We were tasked with recommending the government about where to initiate various employment programmes, and where to improve infrastructure, based purely on spatial data we were given. Through programs like ArcMap, which I had no prior experience with, we first had to work out the best way of representing the facts. Through analysis of this map, we could in turn provide a recommendation, and offer insight into any implications our recommendation may have on the area.
A large focus of the Urban Regeneration MSc, and indeed the entire School of Education, Environment and Development of which it is a part, is the imperative of spatial rebalancing in the UK. Compared with federal states such as the U.S. or Germany, the UK lacks economic spatial balance. This is manifested in the relative wealth of London and the South East in contrast to regions typically further North. In order to address this, a number of devolution and localism policies have been initiated, but as time goes on without too visible an effect, more extreme forms of devolution have begun to surface. University institutions typically favour these kinds of strategy, as it will result in a fairer slice of the pie for each region.
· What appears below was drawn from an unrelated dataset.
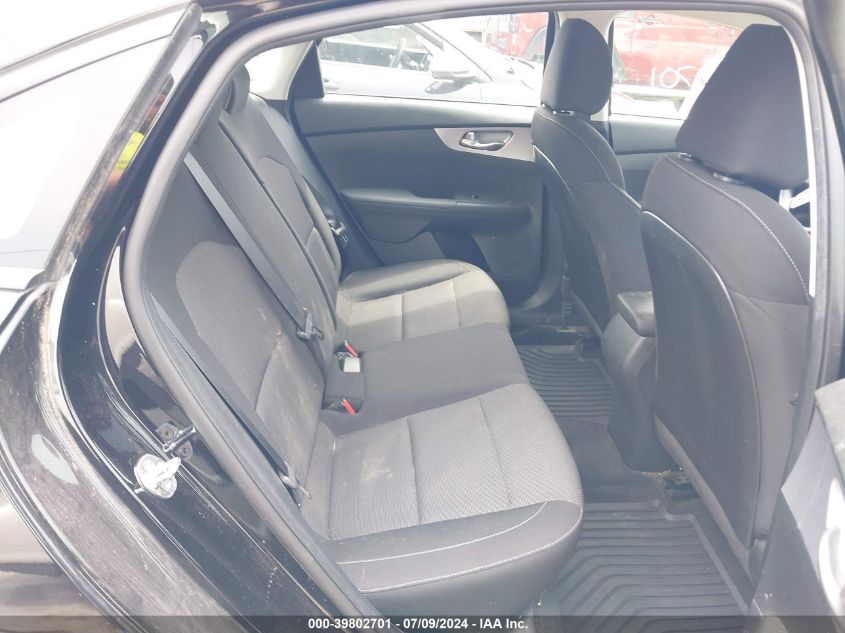 2022 Kia Forte Fe/Lxs VIN: 3KPF24AD3NE456375 Lot: 39802701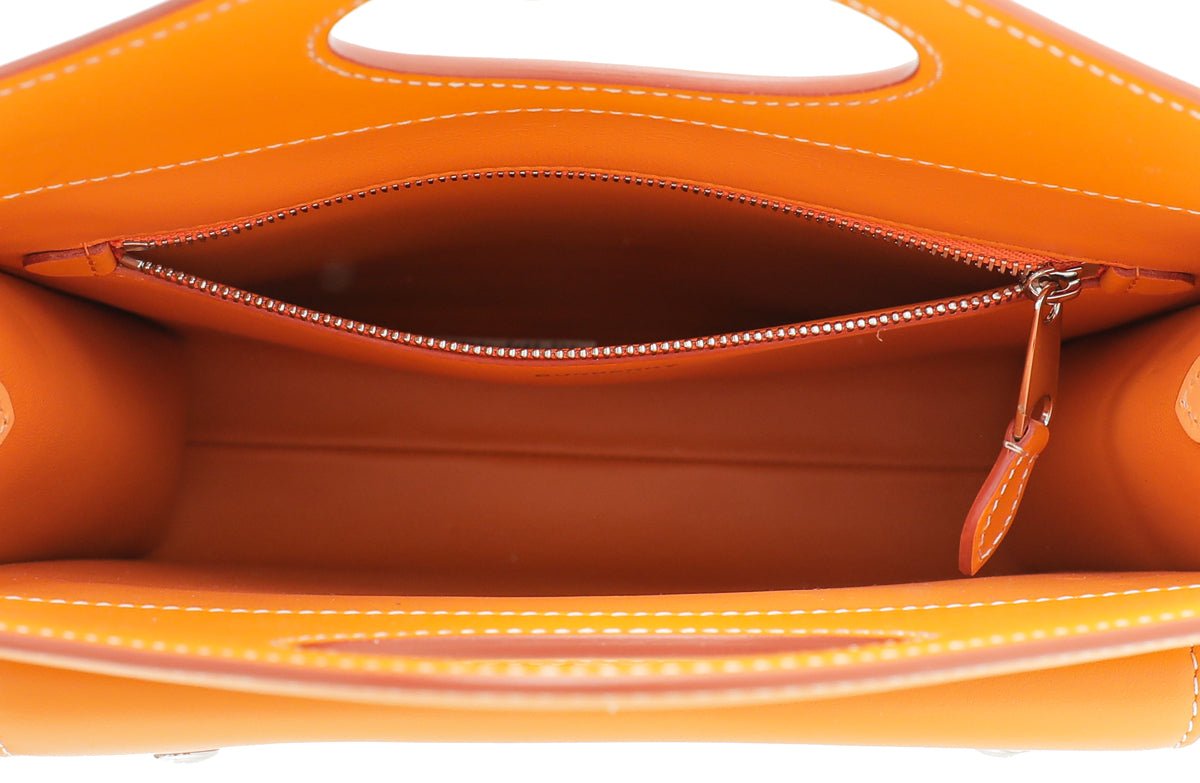 Burberry Bicolor Pocket Mini Bag-Burberry-THE CLOSET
In applied spatial analysis then, this imbalance is the first thing you are bound to notice when working with the Indices of Multiple Deprivation datasets, and also most other employment or economic data. Therefore, when working on these projects, I was able to imagine myself as someone using map-making software with the aim of improving lives in more deprived areas. I learnt this morning on BBC News that around 40% of children in Manchester grow up in poverty. Using GIS to confront shocking figures like this can improve the efficiency of government programmes enormously.
Well, supposedly. With this assignment, I've been using census data from 2001 from local authorities. It can be really difficult to present data fairly when using such arbitrary geographical boundaries. These days, 'Lower Super Output Areas' or 'Medium Super Output Areas' are more commonly used as they divide the country into fairer divisions of equal population, with a lot of detail and attention applied to protect individual's privacy. For example, if there is clearly only one family from an ethnic minority background in an LSOA, the data will be strategically shuffled around to protect that persons details, without affecting the overall statistics of the overall area.
But we weren't permitted to use this methodology. Furthermore, each time I tried to represent certain facts on the map, certain 'health hazards' would emerge which would add a vicious sort of subjectivity to my map. It helped me realise that graphs, charts and representations can really be manipulated to tell or sell a certain story.
The reason I'm writing about this is just to remind myself of the complexities that can arise when you are trying to create a map that - when completed - can appear so simple. I was dubious when approaching this course as the extent of possible manipulation had not been entirely clear to me. Now I have learnt that I should perhaps consider a number of options first, and choose the least deceptive of those options.